I would argue that there is no such thing as “natural” inverse inertia tensors, and nor is there an absolutely “correct” way to store them. Whether you store the inertia tensors in local or world space depends on different scenarios and what you want to achieve. I would also argue that computing things in world space is not “awkward”. It’s a personal preference, really.

I wanted to build a generic physics engine that can be used in all sorts of different scenarios, so I chose to store both in local space and world space, and I decided to calculate most things in world space. I also provide interface to allow client code to apply forces in either local or global space.

I store the inverse inertia tensors in both local and world spaces because I need them both. The local inverse inertia tensors are used to update global inverse inertia tensors upon orientation change, and the global inertia tensors are used when resolving constraints; for example, contact resolving impulses come in world space, and there are two multiplications between contact resolving impulses and global inverse inertial tensors per colliding object pair per velocity iteration per time step. If N objects come into contact with an object and I only store local inverse inertia tensors, I would need to convert all contact resolving impulses into this object’s local space before resolving the constraint, which would involve extra vector-matrix multiplications per time step. I would very much like to avoid this overhead.

Again, making the choice between local space or global space really depends on what you want to achieve, and neither of them needs to be “unnatural” or “wrong”.

3. Chris Chamberlain says:

Please excuse my ignorance in this subject, but I wonder why the `applyForce` method subtracts m_globalCentroid rather than m_localCentroid. If i am applying a force `at` the center of the object then wouldn’t it make more sense to apply it at vec3(0, 0, 0) not vec3(body.position)?

Thanks very much for this physics series. I have been looking across the net for a great tutorial series like this and now i’ve found it!

Also, do you have a particular reason for using a matrix for orientation storage? Is there some places where you would prefer a quaternion?

• Allen Chou says:

As pointed out by the paragraph preceding the code snippet, the `at` argument here is in world space, hence the subtraction involving the global centroid. You can of course define the `ApplyForce` function to use local coordinates, and the subtraction would involve the local centroid. It’s just a matter choice.

4. Matthew A says:

If I want colliders to have a rotation, as well as a position, do I have to transform the collider’s inertia matrix to the rigid body’s local space before doing composition?
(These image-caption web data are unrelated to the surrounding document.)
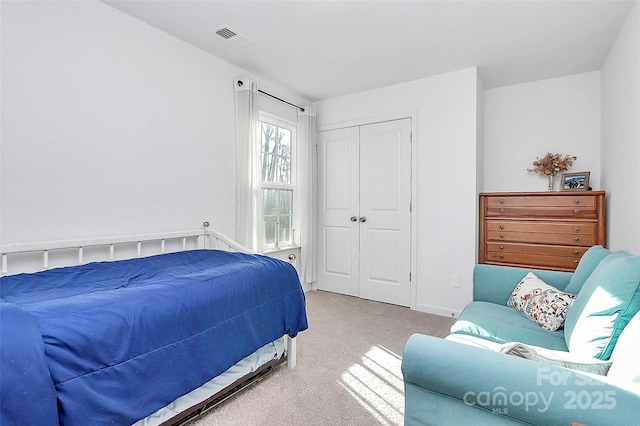 carpeted bedroom featuring a closet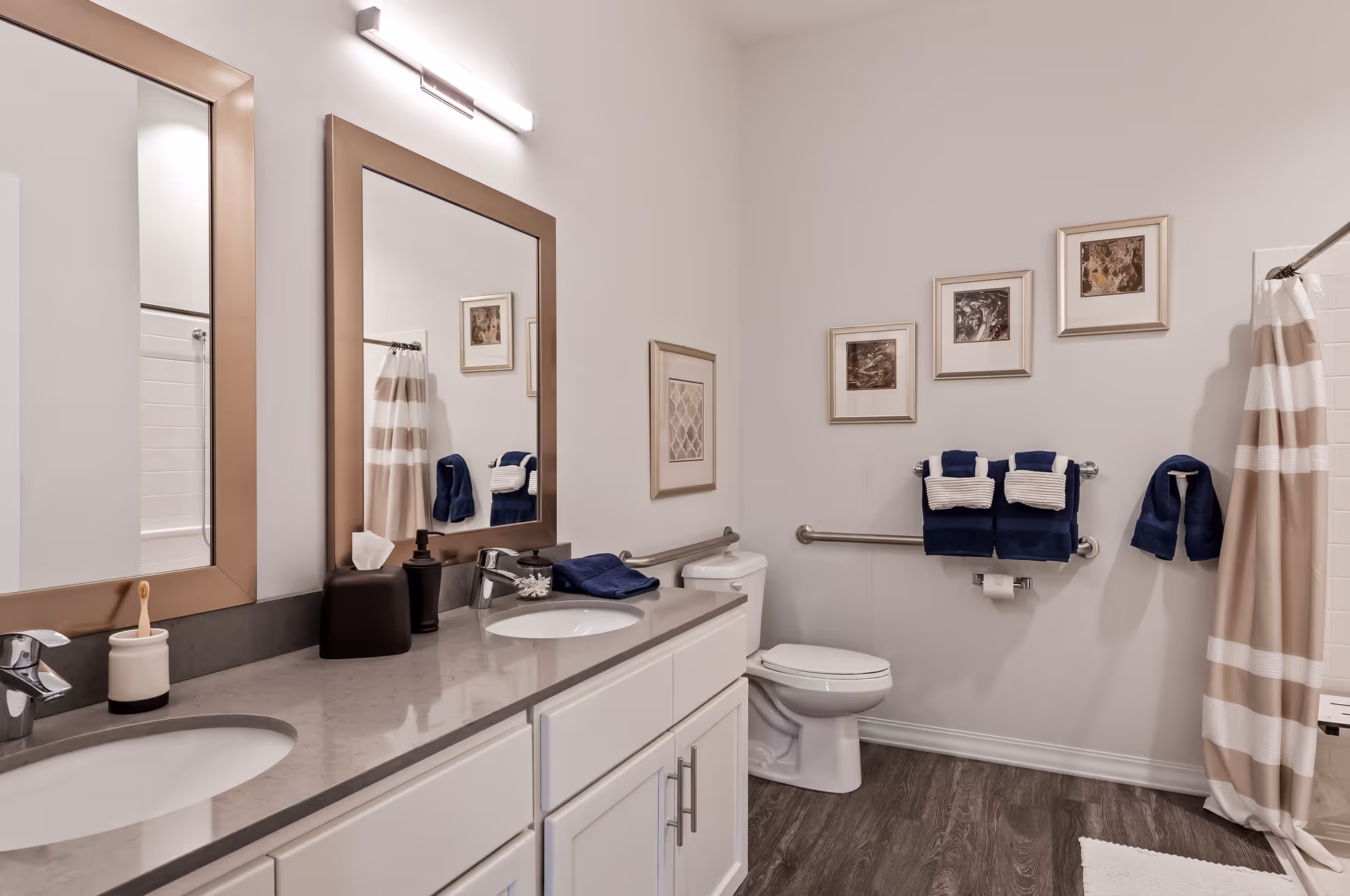A clean and modern bathroom with a double sink vanity featuring two large mirrors and a gray countertop. The bathroom has a white toilet, grab bars on the walls, and a shower with a beige and white striped curtain. Blue and white towels are neatly hung on the towel racks, and framed artwork decorates the walls. The floor is a wood-like finish.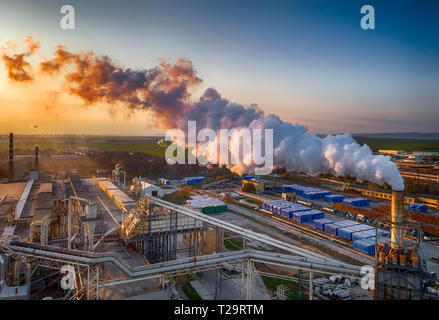 La produzione di tavole di legno, il fumo dai tubi crea inquinamento,Burgas,Bulgaria,al tramonto.di colpo da fuco. Foto Stock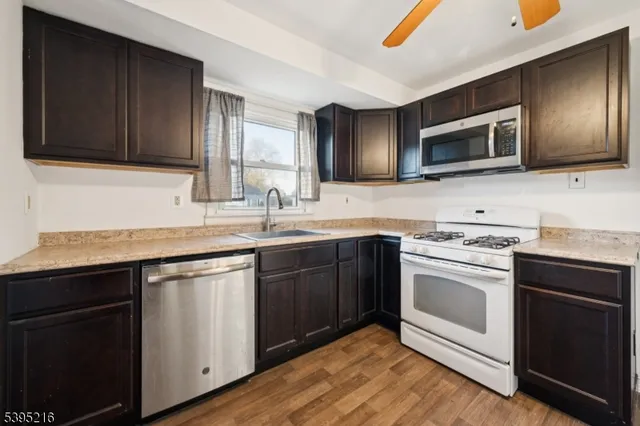 a kitchen with stainless steel appliances granite countertop a refrigerator a oven a sink with a dining table and chairs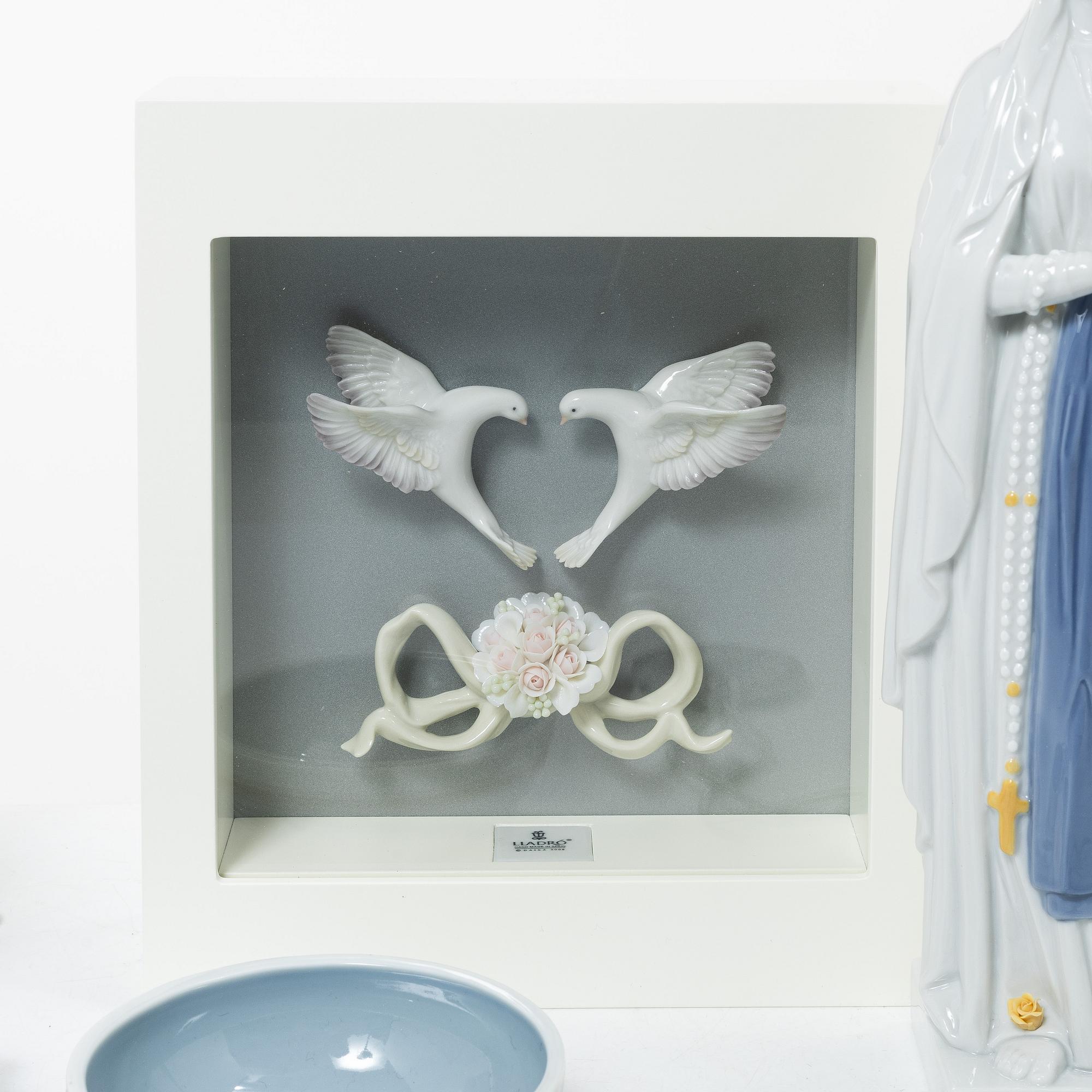 Lladró, a collection of figurines etc. Including "Romantic doves - wall art", "Sitting in heaven", "Our lady of Lourdes".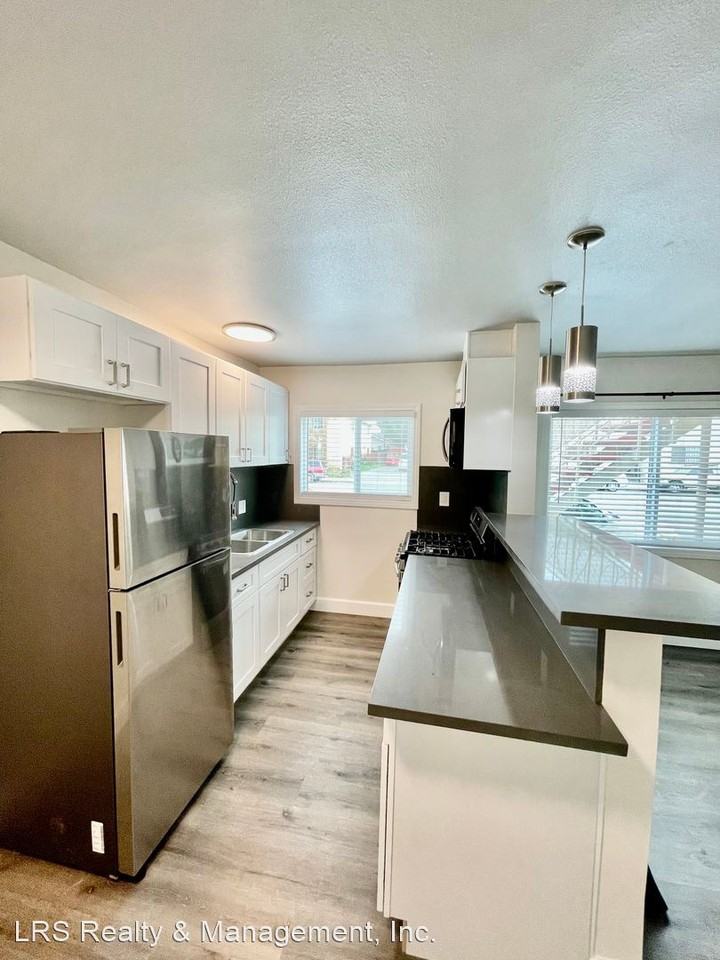 3711 S. Normandie Ave. - Photo 2 of 6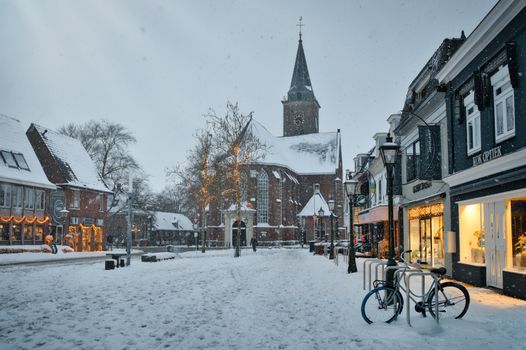Sneeuw in Alkmaar rond het Waagplein met natte straat en winterse lucht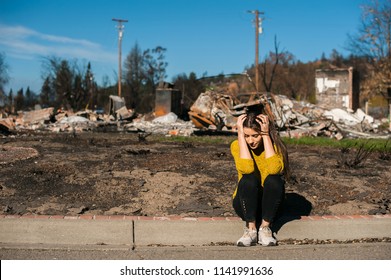 Sad woman owner holds his head by hand checking burnt out house and  yard after fire disaster, consequences of fire disaster accident. Ruins after fire disaster, loss and despair concept.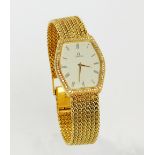 OMEGA; Reggie Kray's 18ct yellow gold diamond encrusted wristwatch,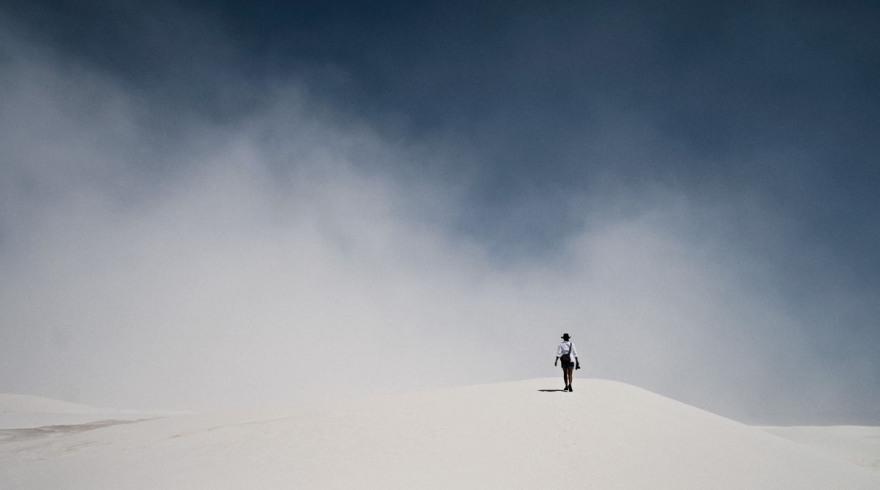 Charlene in a sandstorm in wide open spaces at White Sands, New Mexico.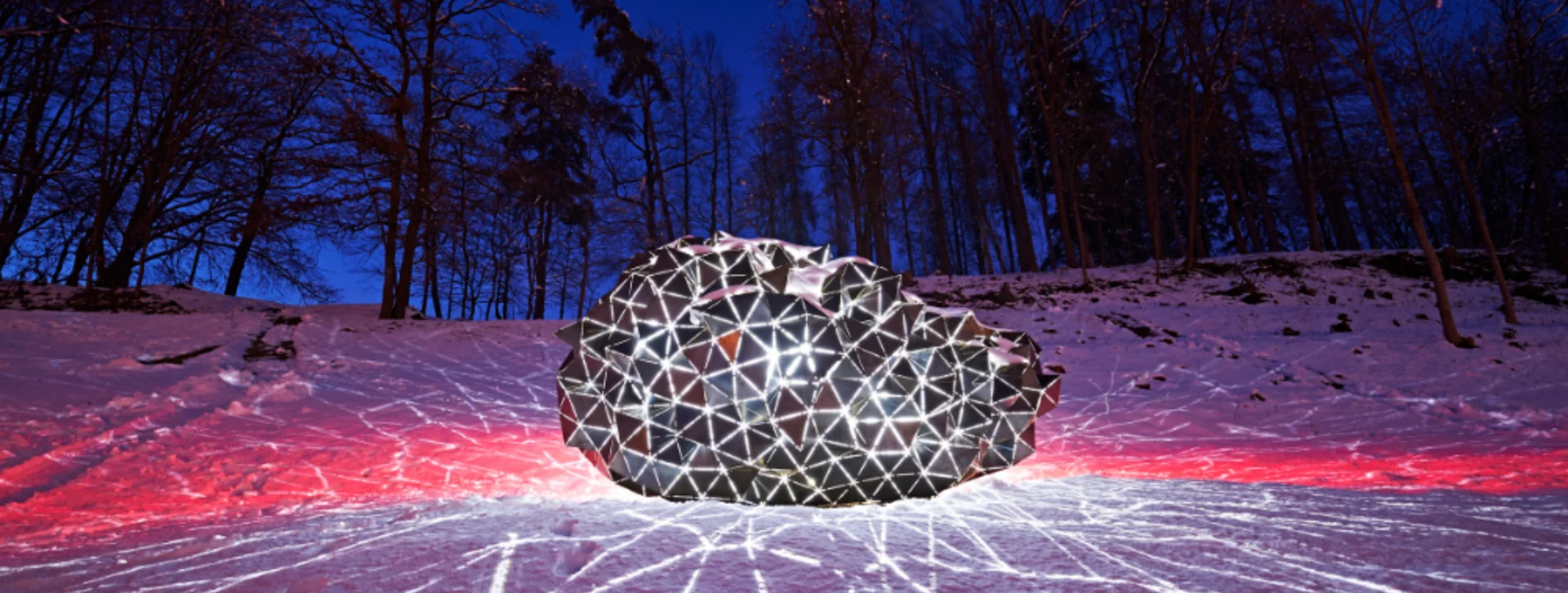 A geometric, illuminated sculpture glows in the snowy landscape, casting intricate light patterns against a twilight sky.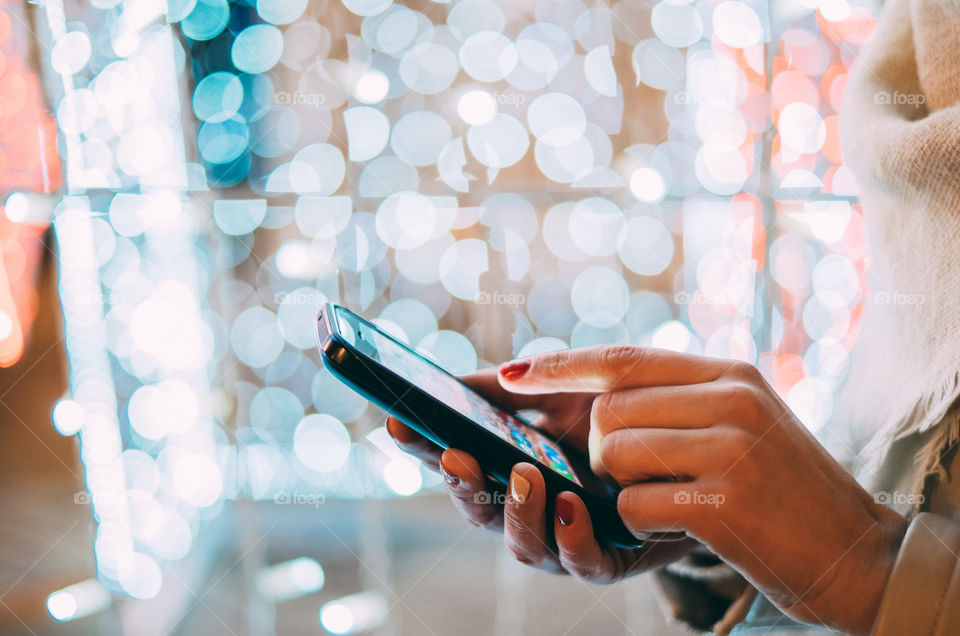 Woman using mobile at Christmas lights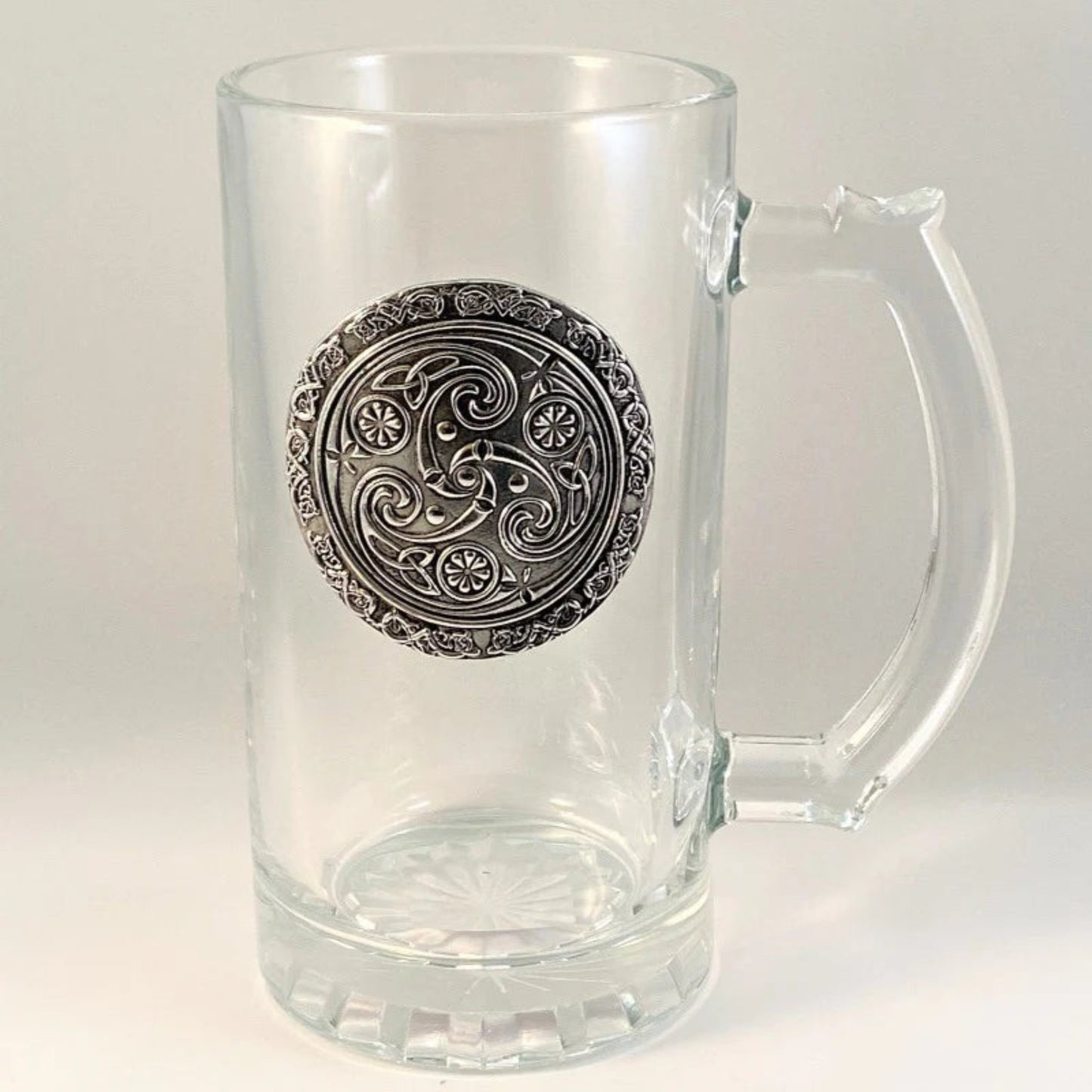 A set of clear glass beer tankards with pewter detailing, displayed on a table with autumnal decorations.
Also, is the global inverse inertia matrix calculation the same as inverting the local inertia matrix, then transforming with the orientation matrix?

Thanks!

• Allen Chou says:

1. You’ll have to calculate inertia tensor of all colliders of the same rigid body with respect to the center of mass of the rigid body, sum them up to get the total inertia tensor of the rigid body, and then compute the inverse inertia tensor of the rigid body.

2. Only for the orientational part. The translational part involves the Parallel Axis Theorem.

5. Mobeen says:

Hi Allen,
OK I think I have got it working now. The problem was with the length function from my vector/matrix library, I was calling it wrongly. Now its perfectly fine I can see my boxes fall down due to gravity. I can also change the orientation and see them fall. Now the thing I will work on is collision between the boxes and with the floor.

Let me know if you need the source code for the basic rigid body. I have used glm and freeglut libraries.

Thanks for the articles.

6. Mobeen says:

And there is a type here local variable should be v not p

```const Vec3 RigidBody::LocalToGlobalVec(const Vec3 &v) const
{
return m_orientation * v;// p;
}

const Vec3 RigidBody::GlobalToLocalVec(const Vec3 &v) const
{
return m_inverseOrientation * v;//p;
}
```
7. Mobeen says:

Should this line

```const float rOutR = r.OuterProduct(r);
```

be this

```const Mat3 rOutR = r.OuterProduct(r);
```

Outer product should give you a matrix or am I missing something?

• Allen Chou says:

You are correct. Thanks for pointing it out. Fixed.